Оба арестанта сошлись на мысли, что европейская революция 1848–1849 годов потерпела поражение только потому, что ее не мог возглавить человек, в ком бы соединились активность и твердость воли с критическим пониманием истории и современности. Вождем революции мог бы стать только «величайший философ духа и подлиннейший пролетарий». По свидетельству другого немецкого заключенного революционера, Бакунин вообще считался в тюрьме самым опасным из всех арестантов, и ему даже приписывались «сверхчеловеческие силы». Несмотря на внешнюю неприступность крепости Кенигштейн, охрана симпатизировала узникам, некоторые из солдат выражали даже готовность освободить революционеров или помочь им бежать. Настроение гарнизона не было секретом для начальства, поэтому вскоре караул поголовно заменили более надежными стражниками.

14 января 1850 года саксонский суд вынес смертный приговор руководителям Дрезденского восстания — Бакунину, Гейбнеру и Рекелю. Все трое приговаривались к расстрелу.
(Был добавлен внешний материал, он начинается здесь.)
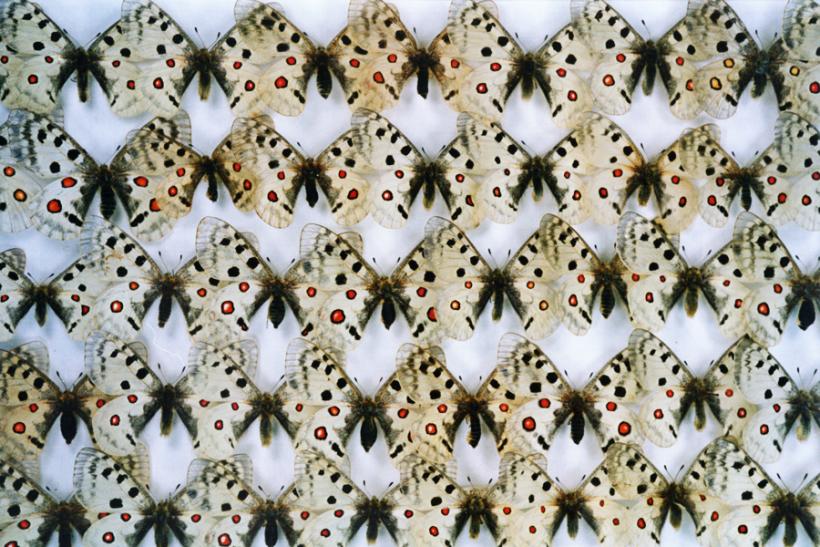 <p>Apollofalter – heute so gut wie ausgestorben, waren sie einst eine der häufigsten Schmetterlingsarten der Region. In der wissenschaftlichen Sammlung lagern sie und zahllose weitere Belege der früheren Lebensvielfalt des Ulmer Raums.</p>
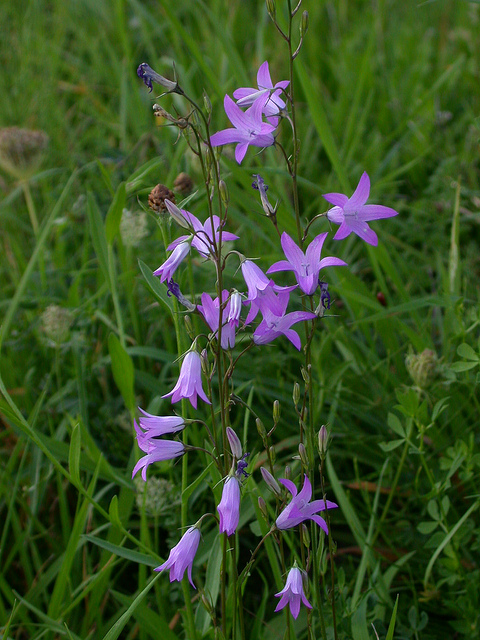 Bâton de saint jacques (Campanula rapunculus)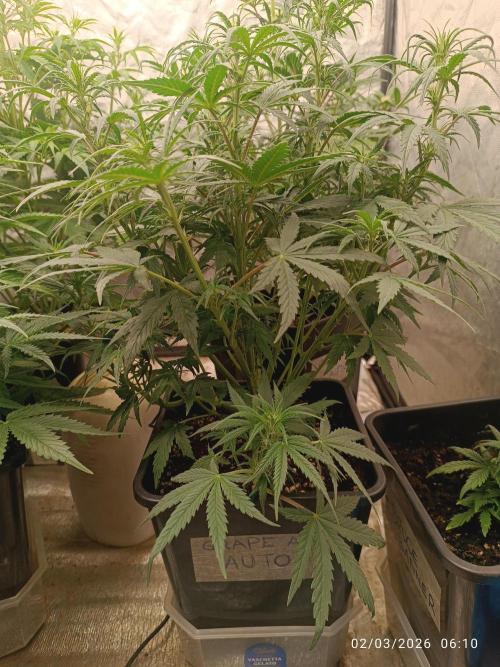 Grape Ape auto. Week 5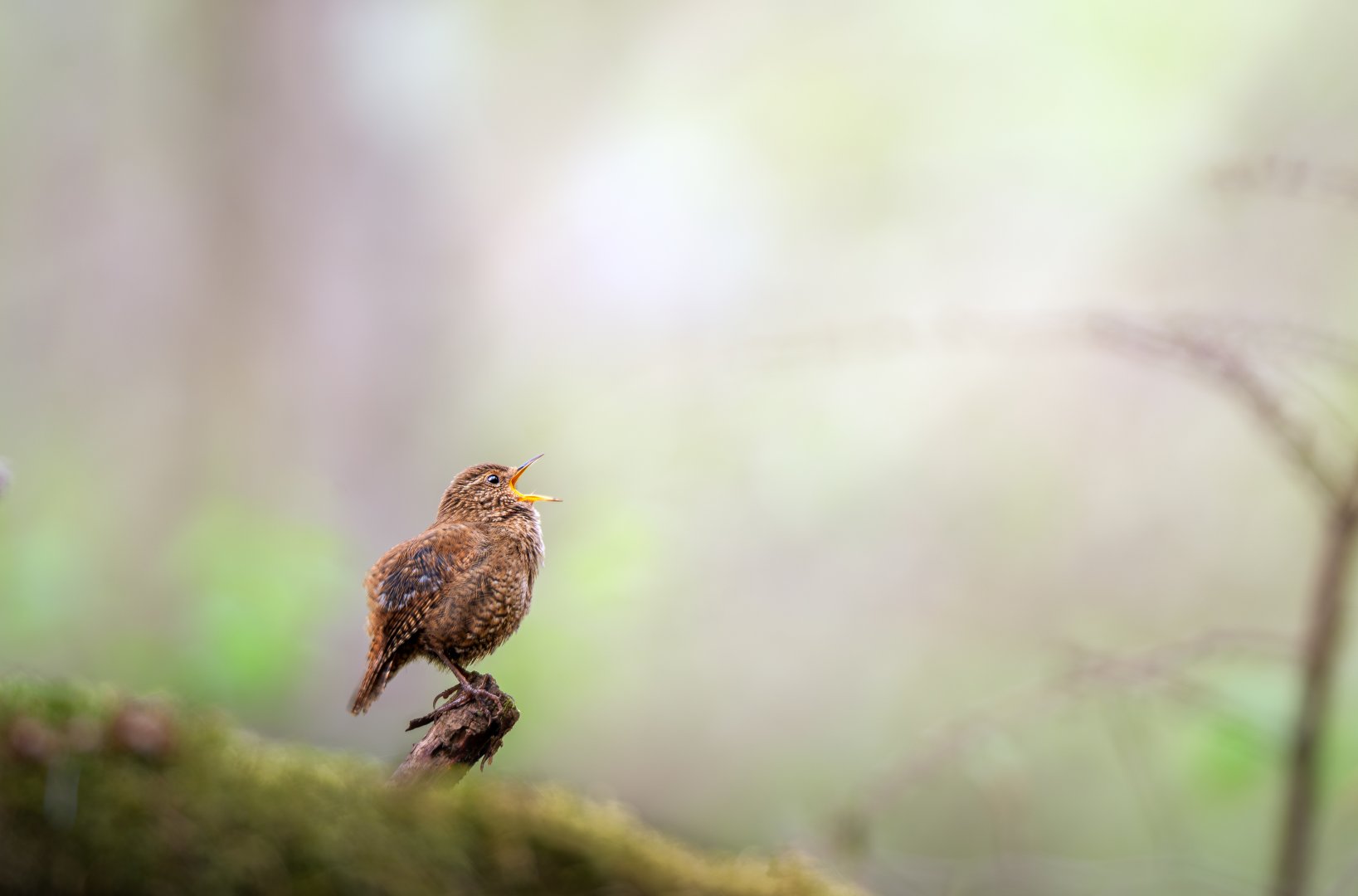 Eurasian Wren - Karuizawa Wild Bird Sanctuary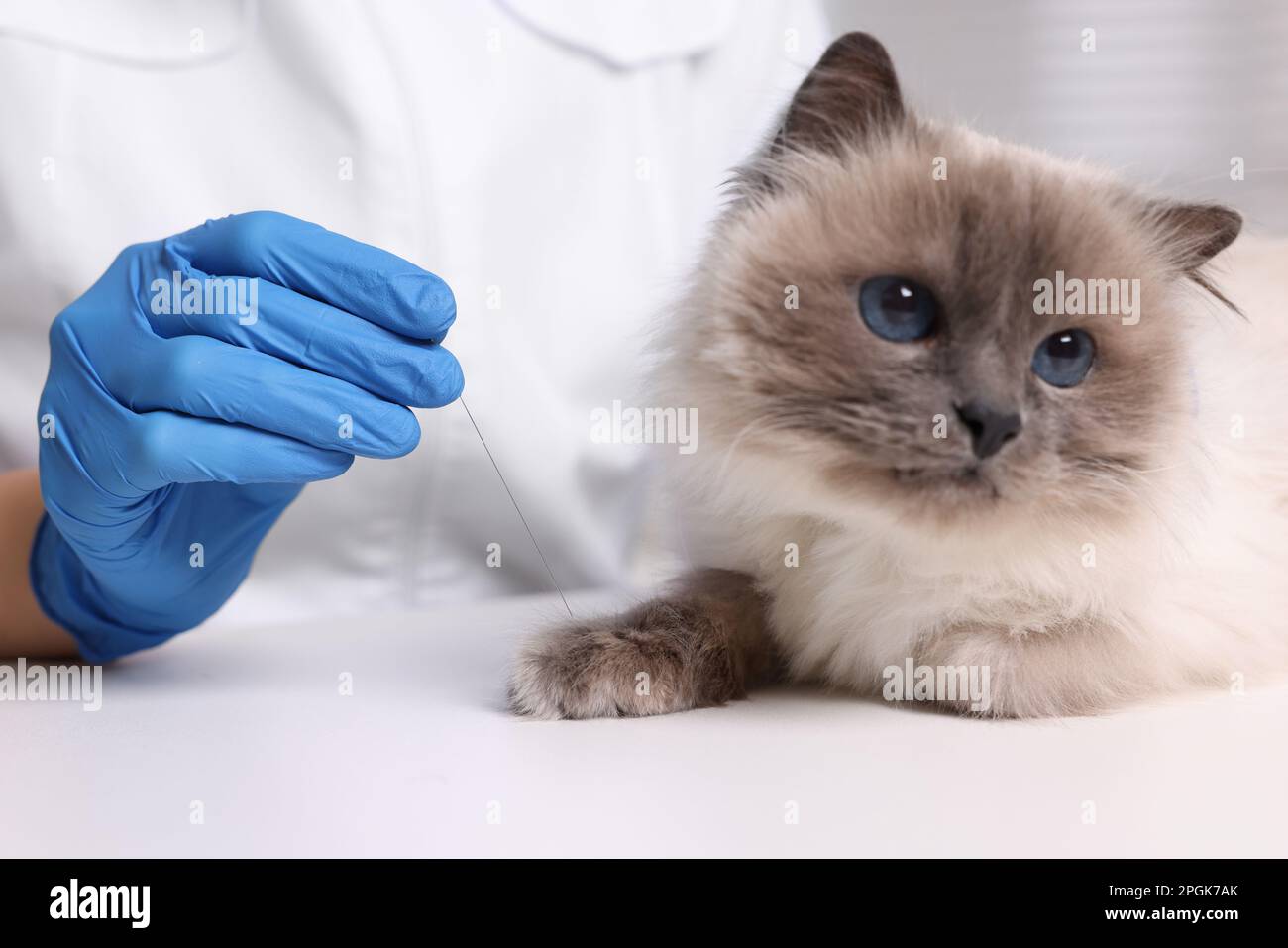 Veterinary holding acupuncture needle near cat's paw indoors, closeup. Animal treatment Stock Photo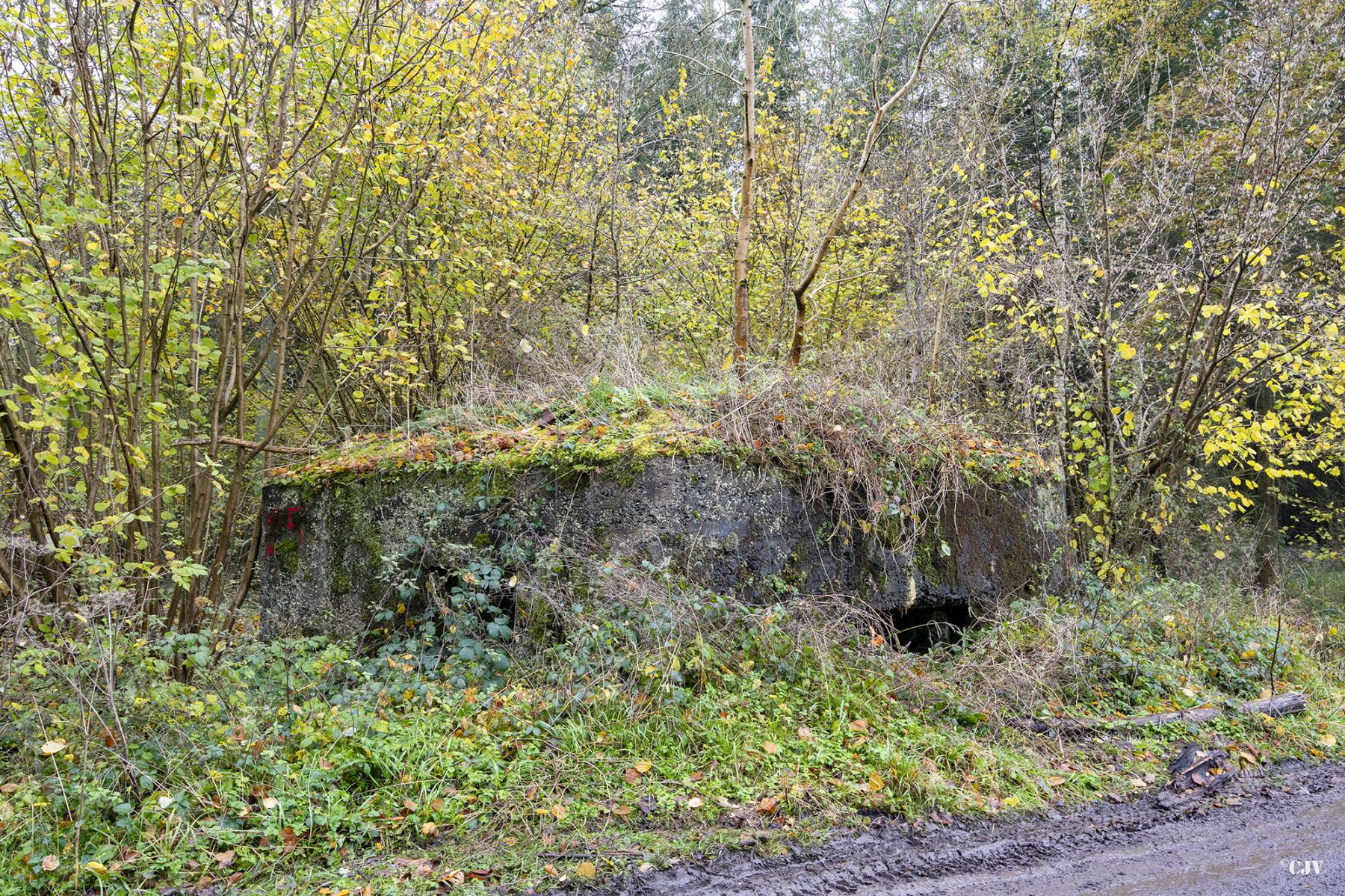 Ligne Maginot - LANIERE OUEST - (Blockhaus pour arme infanterie) -  - Lia VERMEULEN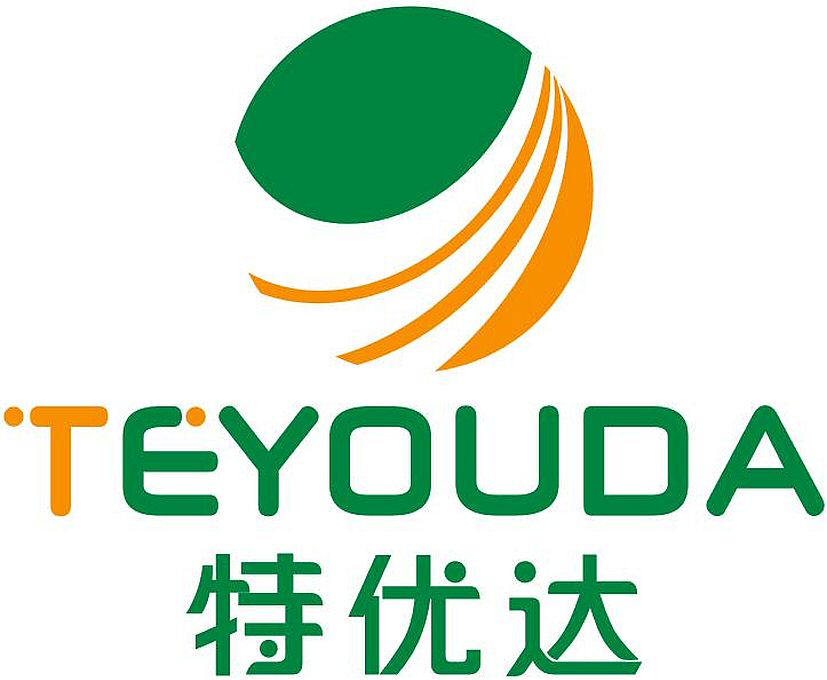 Trademark Logo TEYOUDA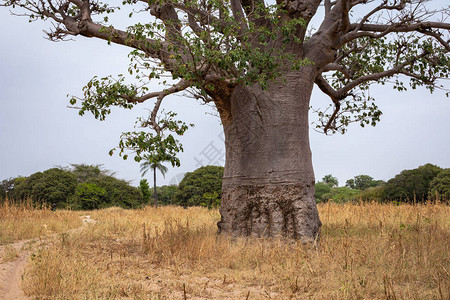 塞内加尔西南部干旱的热带草原上有大量的图片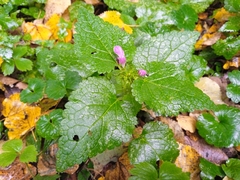 Lamium maculatum
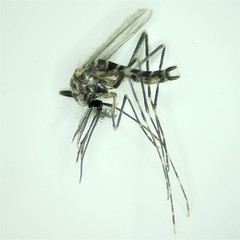 Aedes epactius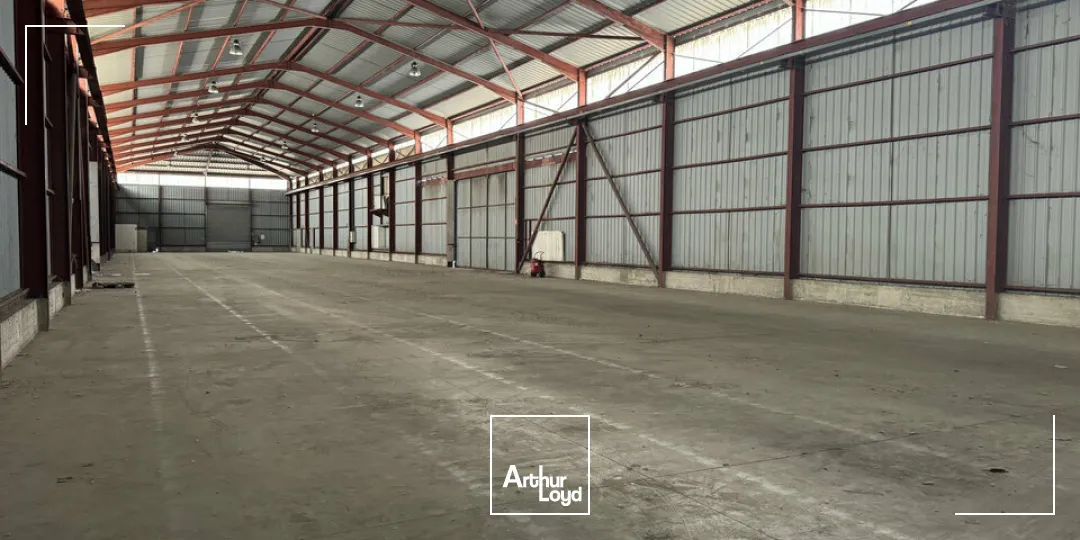 Locaux d'activité & Entrepôts - Location - AVIGNON - 84000 - 1410-1410 - 7904888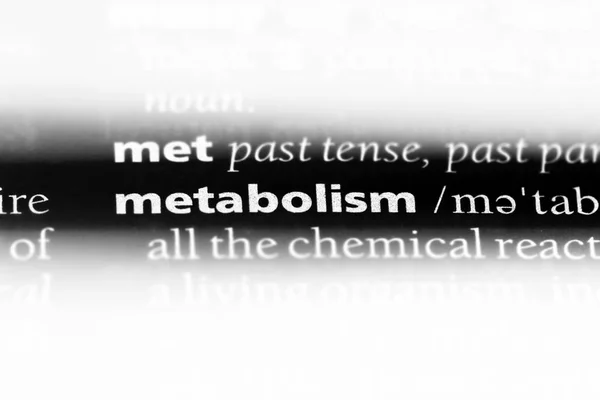 Metabolizm Słowo Słowniku Koncepcja Metabolizm — Zdjęcie stockowe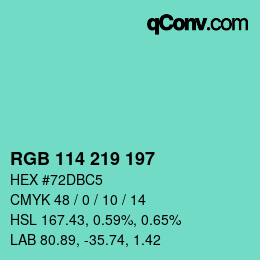 Color code: RGB 114 219 197 | qconv.com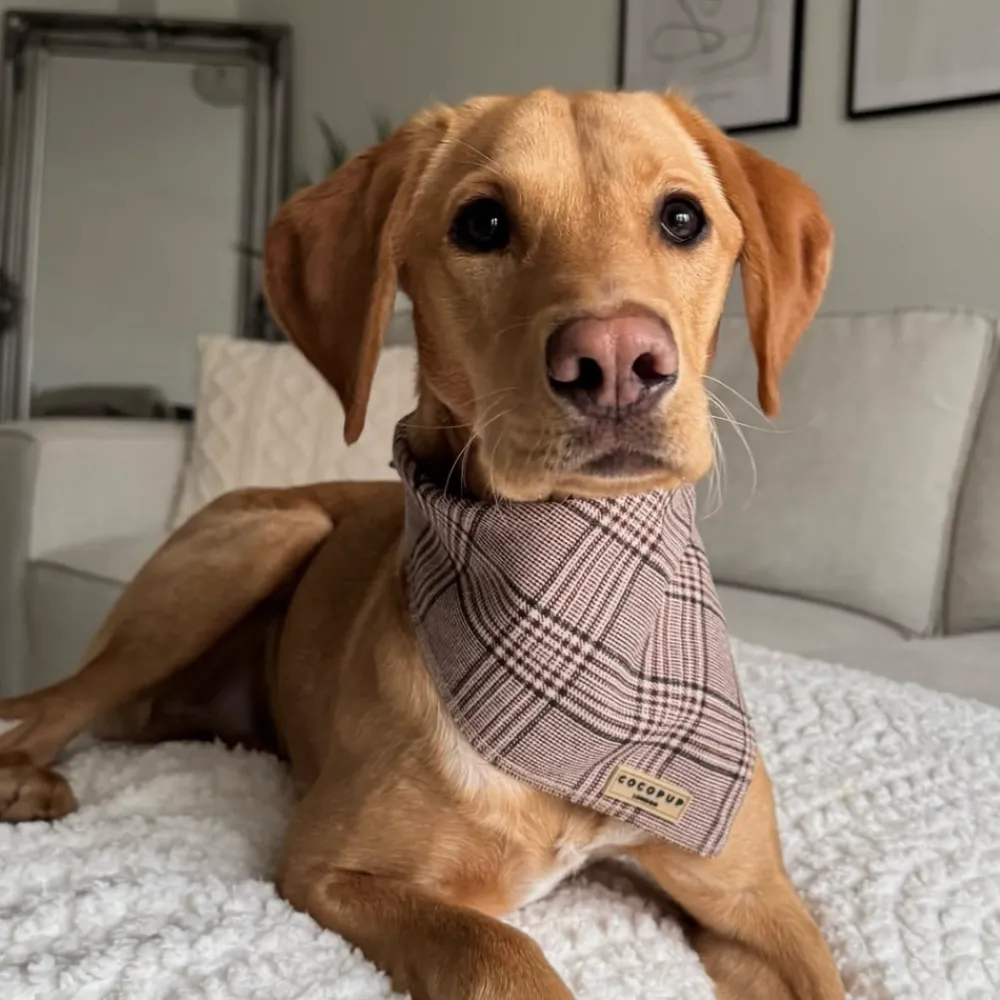 Cocopup Bandanas-Pup Plaid Bandana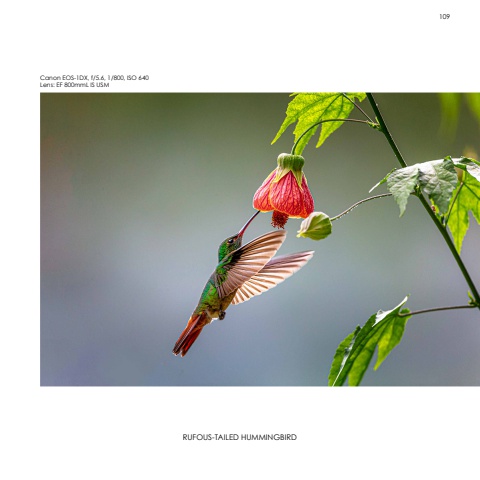Hummingbirds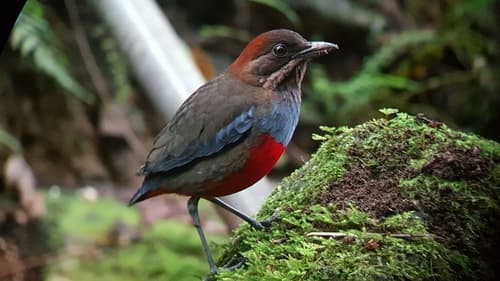 Whiskered Pitta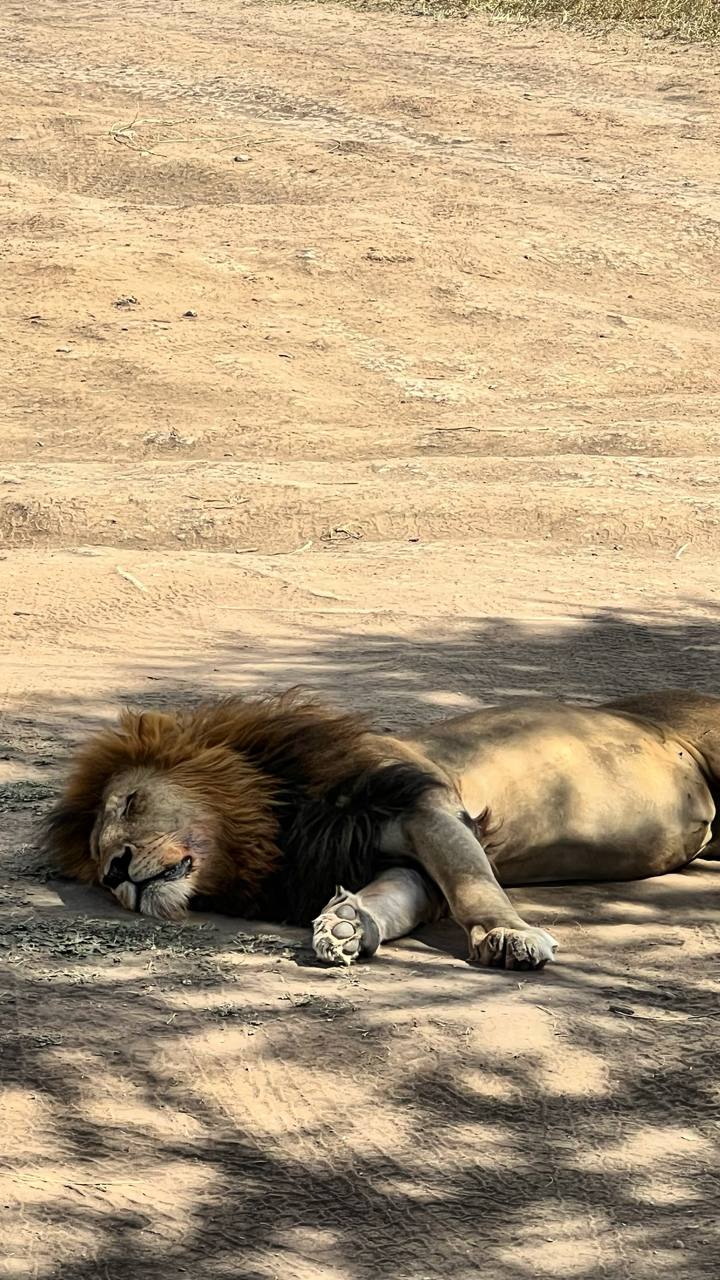Совсем не то, что в зоопарке. Источник: личный архив Марии Аккужиной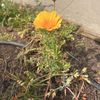 San Mateo Resident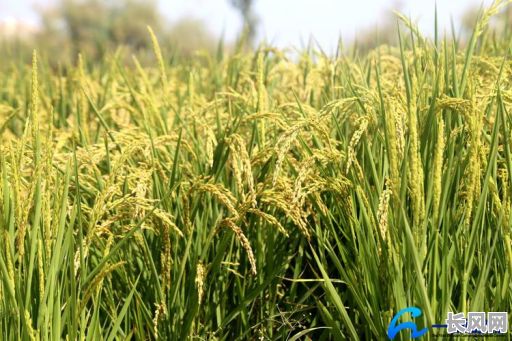 2025年清明后最佳吉日：浸稻谷种，开启丰收好兆头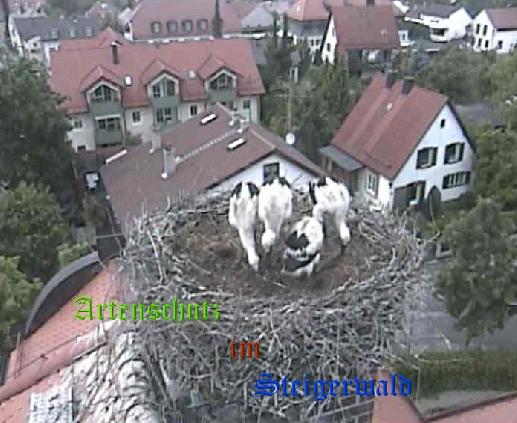Copyright AiS / LBV EBE Richard Straub Bild zum Eintrag (31206-160)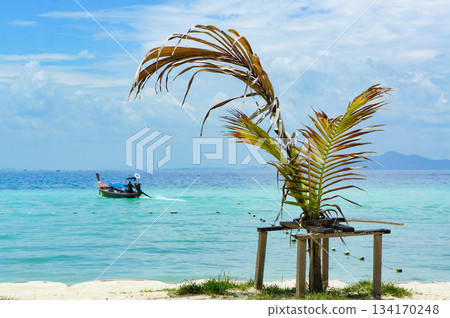 A beautiful beach with palm trees A beautiful beach with palm trees 134170248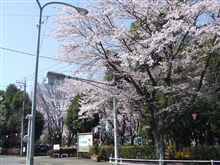 かしの森公園の桜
Такое решение по-своему даже удовлетворило Михаила: всё кончится в считанные мгновения и ему не придется остаток жизни проводить в каменном мешке («живой могиле», как он сам выражался) безо всякой надежды на освобождение. Он написал Матильде Рейхель: «<…>Итак, Вы уже знаете, что я приговорен к смерти. Теперь я должен сказать Вам в утешение, что меня уверили, будто приговор будет смягчен, то есть заменен пожизненною тюрьмою или столь же продолжительным заключением в крепости. Я говорю “Вам в утешение”, потому что для меня это — не утешение. Смерть была бы мне куда милее. Право, без фраз, положа руку на сердце, я в тысячу раз предпочитаю смерть. Каково всю жизнь прясть шерсть или сидеть в одиночестве, в бездействии, никому ненужным в крепости за решеткой, просыпаясь каждый день с сознанием, что ты заживо погребен и что впереди еще бесконечный ряд таких безотрадных дней! Напротив, смерть — только один неприятный момент, к тому же последний, момент, которого никому не избежать, наступает ли он с церемониями, с законными заклинаниями, трубами и литаврами, или захватывает человека неожиданно в постели. Для меня смерть была бы истинным освобождением. Уже много лет нет у меня большой охоты к жизни. Я жил из чувства долга, смерть же освобождает как от всякого долга, так и от ответственности. Я вправе желать смерти, так как ничья жизнь не связана неразрывно с моею…»

Друзья уже мысленно попрощались с приговоренным к смерти. Вагнер, сумевший выехать из Швейцарии во Францию, переправил Бакунину и другому осужденному — Рекелю — трогательное письмо: «Дорогие друзья! Пишу не затем, чтобы говорить слова утешения, так как знаю, что в утешении вы не нуждаетесь. До меня только что дошло известие, что король Саксонский утвердил смертный приговор над вами, — и я хочу доставить вам некоторую радость, хочу послать вам мой горячий братский привет. Но я далеко от вас. С отчаянием думаю о том, что эти строки, может быть, до вас не дойдут. Желаю только одного, чтобы они застали вас в живых.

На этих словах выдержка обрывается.